For this exercise, print the listing below exactly, without its pictures.

━━━━━ Exercise data ━━━━━

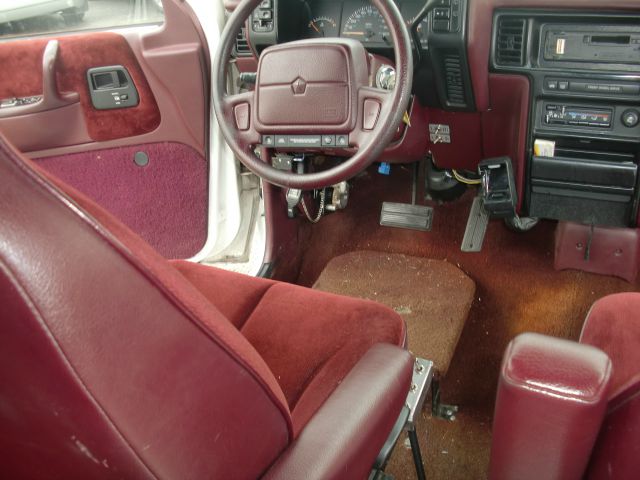 1992 Plymouth Grand Voyager Loaded Up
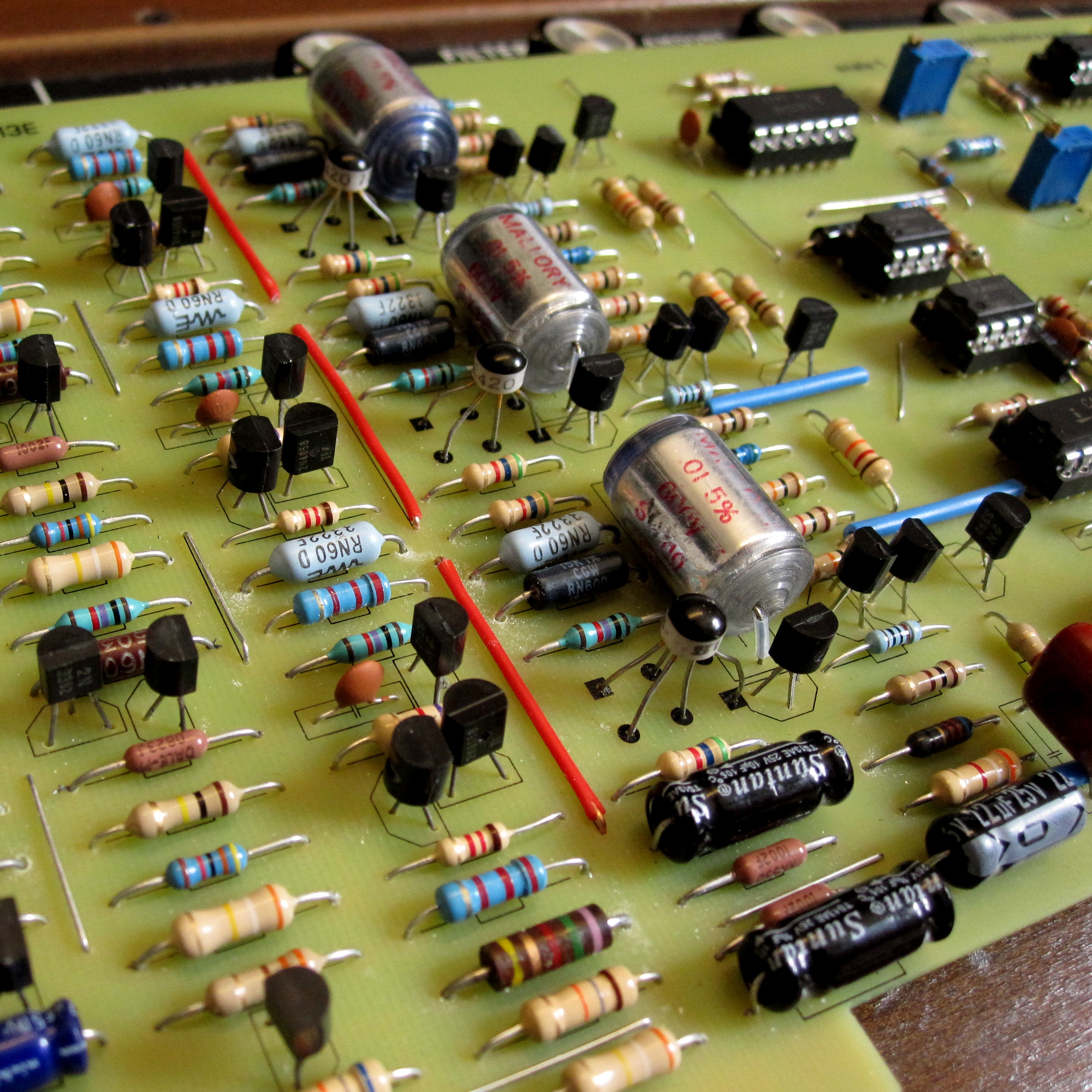 Minimoog circuits at Synth Restore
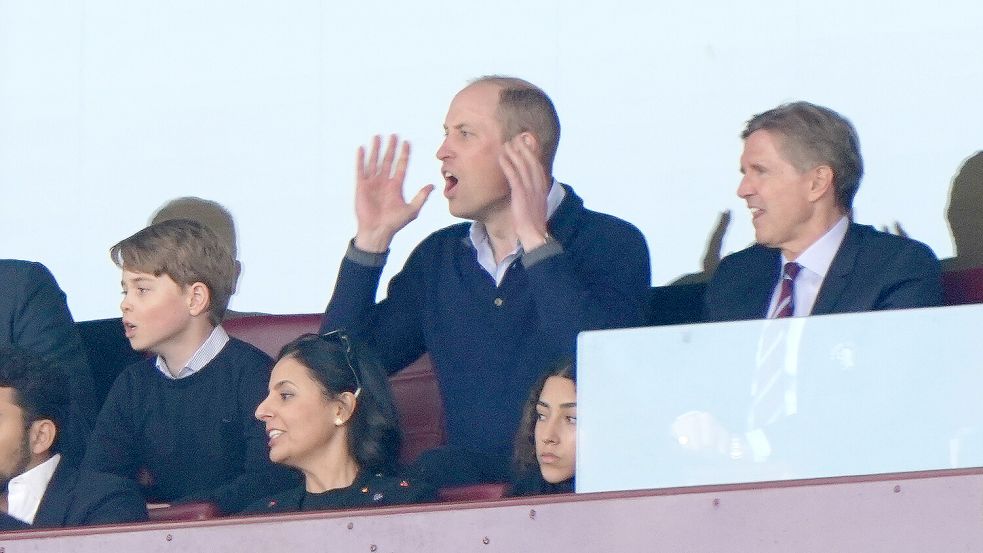 Schon im vergangenen April war Prinz William zusammen mit Sohn George bei einem Spiel von Aston Villa zu Gast. Foto: dpa/PA Wire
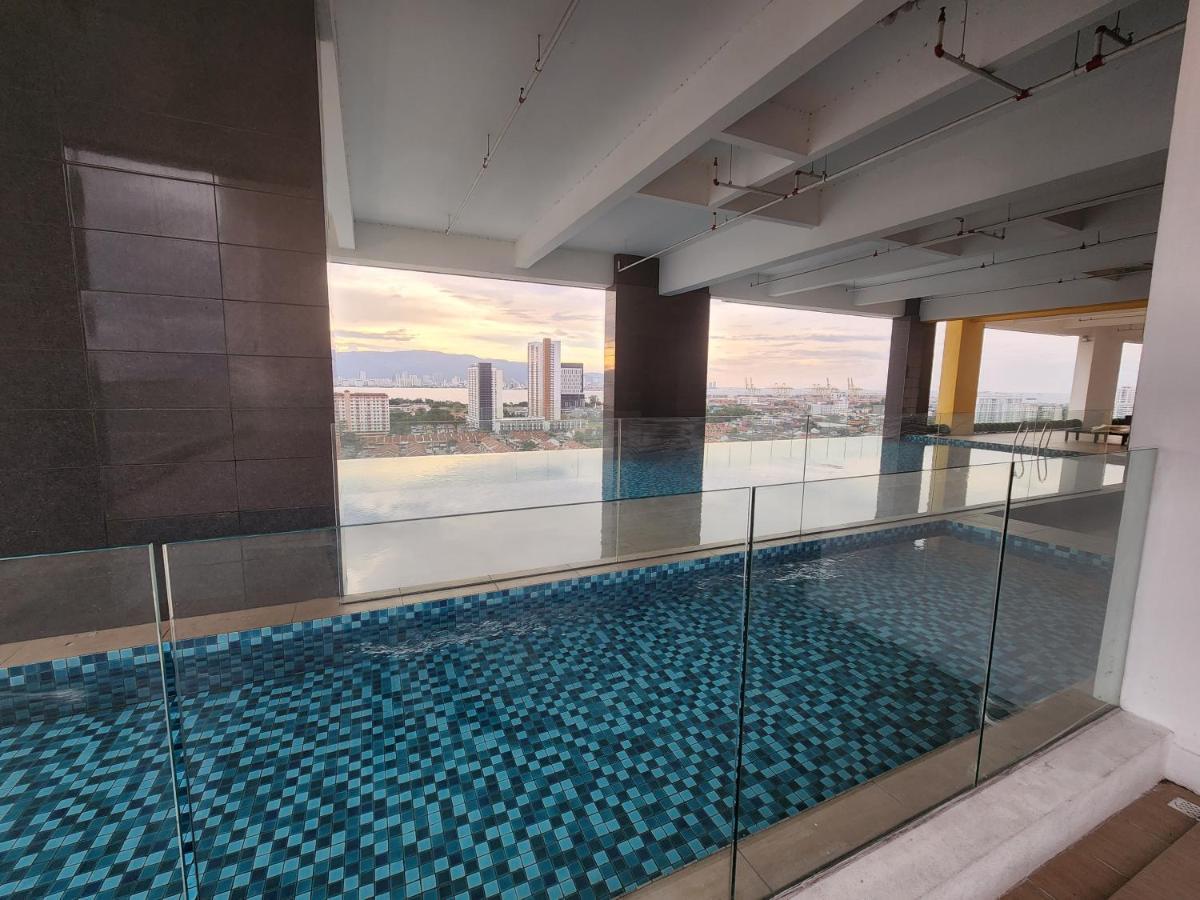 Praicon Tower - Premium Suite Butterworth Dış mekan fotoğraf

━━━━━

→ Response to the exercise:
 1992 Plymouth Grand Voyager Loaded Up
 Minimoog circuits at Synth Restore
 Schon im vergangenen April war Prinz William zusammen mit Sohn George bei einem Spiel von Aston Villa zu Gast. Foto: dpa/PA Wire
 Praicon Tower - Premium Suite Butterworth Dış mekan fotoğraf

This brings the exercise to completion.